# Experiment Design and Analysis

The objective of this notebook is to explore Trust Game & First-Price auction theory using real world data.

We'll be using the following dataset for notebook exploration:
https://www.sciencedirect.com/science/article/abs/pii/S0022053107000178

## Local files:

Below, please amend the inputs according to your pathways/needs.



In [None]:
TRUST_DATA_PATH = ""
FPA_DATA_PATH = ""
README_PATH = ""

In [None]:
import pandas as pd
import numpy as np
import statsmodels.api as sm
import statsmodels.stats.api as sms
from scipy import stats

trust_data = pd.read_csv(TRUST_DATA_PATH)
fpa_data = pd.read_csv(FPA_DATA_PATH)





In [None]:
#uncomment the below line to view readme files for this dataset (includes explanation of variable names)
#!cat README_PATH

# uncomment the below line to view snippet of csv file
# trust_data.head()
# fpa_data.head()

For the Trust Game, subjects are grouped in pairs, paired with one assigned the role of an investor and another a recipient. Let's examine the correlation between the amounts the investors invest and the amounts the recipients return

In [None]:
def inv_rec_corrcoef(provided_data, dec_col, decision_1, decision_2, cols_to_check):
    """
    Compute the inverse of the repeated measures correlation coefficient between two decisions
    across specified columns in the provided DataFrame.
    Parameters:
    provided_data (pd.DataFrame): The input DataFrame containing the data.
    dec_col (str): The name of the column representing different decisions.
    decision_1 (str): The name of the first decision column.
    decision_2 (str): The name of the second decision column.
    cols_to_check (list): List of column names to check for repeated measures.
    Returns:
    float: The inverse of the repeated measures correlation coefficient.
    """

    df = provided_data.copy()
    df.columns = df.columns.str.strip()
    df.columns = df.columns.str.replace(r"\s+", " ", regex=True)
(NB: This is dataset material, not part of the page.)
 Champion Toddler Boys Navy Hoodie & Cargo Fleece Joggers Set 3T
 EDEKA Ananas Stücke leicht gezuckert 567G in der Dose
    dec_1 = df[df[dec_col] == decision_1][cols_to_check]
    dec_2 = df[df[dec_col] == decision_2][cols_to_check]

    merged = dec_1.merge(dec_2, on=cols_to_check[:1], suffixes=('_1', '_2'))
    
    r = np.corrcoef(merged[f'{cols_to_check[1]}_1'], merged[f'{cols_to_check[1]}_2'])[0, 1]
    return np.float64(round(r, 2))

In [None]:
inv_rec_corrcoef(provided_data=trust_data,
                dec_col='decision type',
                decision_1="INVEST",
                decision_2="RETURN",
                cols_to_check=['Period','group #','decision']
                )


For the first-price auctions experiment, there are ten experimental sessions, with eight subjects per session. In this context, subjects are tasked with completing auction and lottery (Holt-Laury 2002) tasks in two orders. In five of the ten sessions, subjects first complete a lottery task, followed by 30 rounds of auctions. In the other five sessions, subjects first complete 30 rounds of auctions, followed by a lottery task. At the end of each session, subjects complete a demographics survey. The data sets extract the first period auction data for each treatment.

In [None]:
def ate_fpa_payoff(provided_data, bid, val, treatment, k1_8_lot_exp='k1_8_lot_exp', k1_8_exp_lot='k1_8_exp_lot'):
    """
    Compute the average treatment effect (ATE) on the bidval_ratio outcome variable
    between the two treatment groups.
    Parameters
    ----------
    provided_data : pd.DataFrame
        The input data containing the necessary columns.
    required_cols : list
        A list of required column names that must be present in the provided_data.
    treatment_cols : list
        A list of treatment column names to be used for the analysis.
    """

    # Ensure input is a DataFrame
    if not isinstance(provided_data, pd.DataFrame):
        raise TypeError("Input must be a pandas DataFrame.")
    provided_data = provided_data.copy()

    # Ensure bid,val,treatment are strings
    if not all(isinstance(col, str) for col in [bid, val, treatment]):
        raise TypeError("Column names must be strings.")
    
    # 1) Create bidval_ratio in-place
    provided_data['bidval_ratio'] = provided_data[bid] / provided_data[val]
  
    # 2) Compute means
    lot_auc = provided_data.loc[provided_data['treatment']==k1_8_lot_exp, 'bidval_ratio'].mean()
    auc_lot = provided_data.loc[provided_data['treatment']==k1_8_exp_lot, 'bidval_ratio'].mean()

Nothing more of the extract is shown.